Following is the text of the interview:
Q: I’d like to get your opinion on the monarchy by itself, what it stands for. In the 21st century, we still have kings who have crowns that they can pass on to generations to come.
A: Well, it is a throwback to the Middle Ages in a way, and some of these royal families are actually the same families from the Middle Ages, which is unfortunate. The only good thing about it is that in Europe they are constitutional monarchies instead of absolute monarchies, which they used to be. But at the same rate, the government, which is getting its money from the citizens’ taxes, the average taxpayer, is funding these people. So they have security, they have housing, they have palaces, they pretty much have a free ride. And the monarchs, whether they be kings or queens or princes of principalities, they are officially the head of state, each of them is the head of state of their country, whether it’s a constitutional monarchy or not. So, it is a problem, especially for the average citizen, the fact that all of this funding is being wasted, and especially at a time when there is some kind of depression or economic recession.
Q: Indeed. As you just pointed out, Spain is going through austerity cuts right now. There is a very staggering unemployment rate in the country, and the monarchy is living off the public purse quite literally. Now, King Juan Carlos is hoping that he can revitalize the monarchy through his abdication. Do you think that will happen, or will we see more anti-monarchist sentiments simmering in Spain as this recession continues?

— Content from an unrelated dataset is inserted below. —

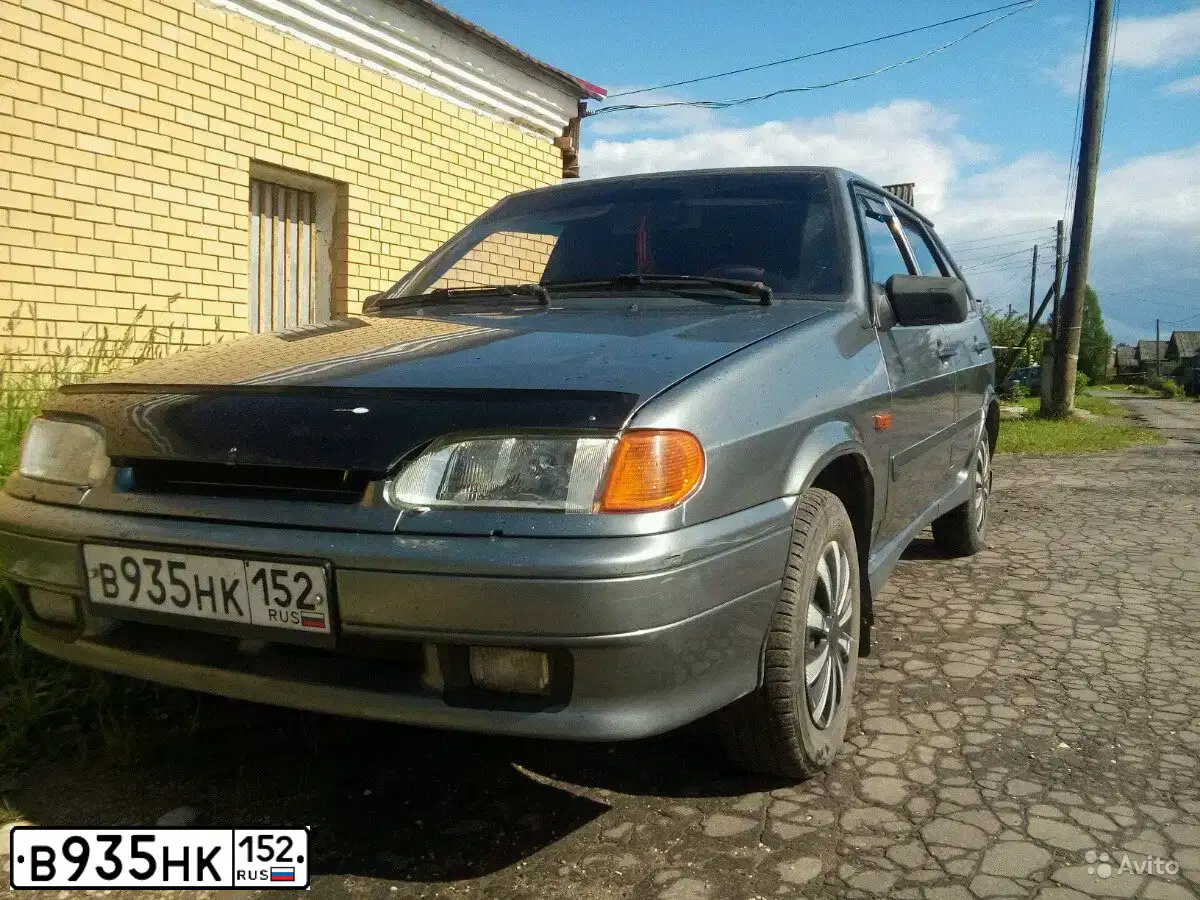 Фото автомобиля LADA 2114 SAMARA, 2010 — госномер В935НК152. Цвет: СЕРО-ЗЕЛЕНЫЙ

A: I think for sure there will be more anti-monarchist protests. And some of this, maybe we have to put this in some historical context. Like how did Juan Carlos become king of Spain? Well, he became king when the previous government, the government of the fascist dictator [Francisco] Franco, they basically decreed that after Franco died, the former royal family would come back in. And that’s how King Juan Carlos came in, and that’s the history of that. And the history of how the fascist dictatorship that put this royal family back in power, how the Franco dictatorship came into power, was that they were allied with all kinds of right-wing forces, even the Nazis helped them. And there is the famous Guernica incident, there were many attacks on civilians, there was severe repression from the 1930s until the 1970s. And the only reason that fascist Franco didn’t go out in World War II, at the same time that Mussolini in Italy and the others were driven out, was because Franco and Spain… in World War II, they were officially neutral, although they had had an alliance before with the Nazis, who actually helped them come to power. At the same time, at that time there was a big Republican movement then, too. There was the Spanish Civil War, there were many progressive people who were fighting against the right-wing forces. But the right-wing forces won in the 1930s and pretty much remained in power until the 1970s and then handed over power to this current monarchy. Although it is a constitutional monarchy, they did hand over the head of state position to the current monarch, who wants to now hand it over to his son.